McCartney got her first major break in professional photography while working as an editorial assistant at US lifestyle magazine Town And Country.

Using an unwanted invitation to a Rolling Stones promo party on the Hudson River, her naturalistic images of the rock stars were a subsequent success.

In 1967 she was voted US Female Photographer of the Year and in 1968 her portrait of Eric Clapton made her the first female photographer to take the cover image of Rolling Stone magazine.

On assignment to cover swinging London’s cultural scene, she shot The Beatles at manager Brian Epstein’s Belgravia pad for the launch of Sgt Pepper’s Lonely Hearts Club Band.

A year later she and Paul McCartney began their 29 years of marriage.

As their family grew and The Beatles began to fall apart, the McCartneys retreated to High Park Farm in rural Kintyre.

Instead of glamorous musicians, Linda’s work became personal and even more sensitive, depicting family life and their farm animals, people from local communities in Campbeltown and the landscapes of Kintyre.

Whatever the subject, the vast collection on display at Kelvingrove is obviously the work of a single artist, says Fiona Hayes, curator of social history at Glasgow Life.

Hayes has stewarded the Kelvingrove hanging of the retrospective, which is curated by Paul and two of their daughters: photographer and vegetarian cookery writer Mary, born in 1969, and fashion designer Stella, born in 1971.

“It’s obvious she was always very in tune with the people she was photographing,” says Hayes. “She was known for really putting people at ease to make these really powerful portraits.
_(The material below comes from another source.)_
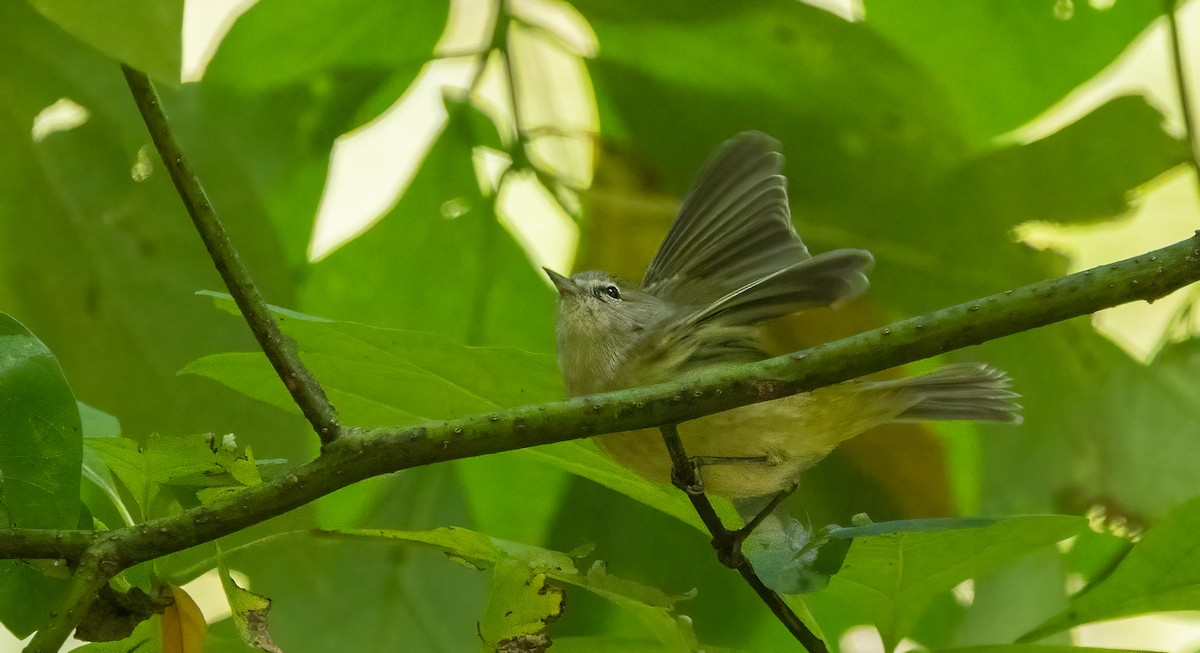 Orange-crowned Warbler - ML643116480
Seeing all her work up on the walls, you do get that sense of connection, that same point of view.

“When she was starting out in the sixties, a lot of the people she was photographing, like Jimi Hendrix, were starting their careers too, and she was known for putting people at ease.

Hayes adds: “Though there’s quite a range of subjects, you know it comes from the same artist. She had this great capacity for empathy.”

One photograph shows Paul looking into the rear-view mirror of the McCartney’s car. Titled My Love, Linda shot the tender portrait from the backseat.

“With his expression, that intimacy, you really become invested in what’s happening,” says Hayes. “There’s this delight in the world around us and she had an ability to pick up on details of everyday life, those moments where something special could happen.”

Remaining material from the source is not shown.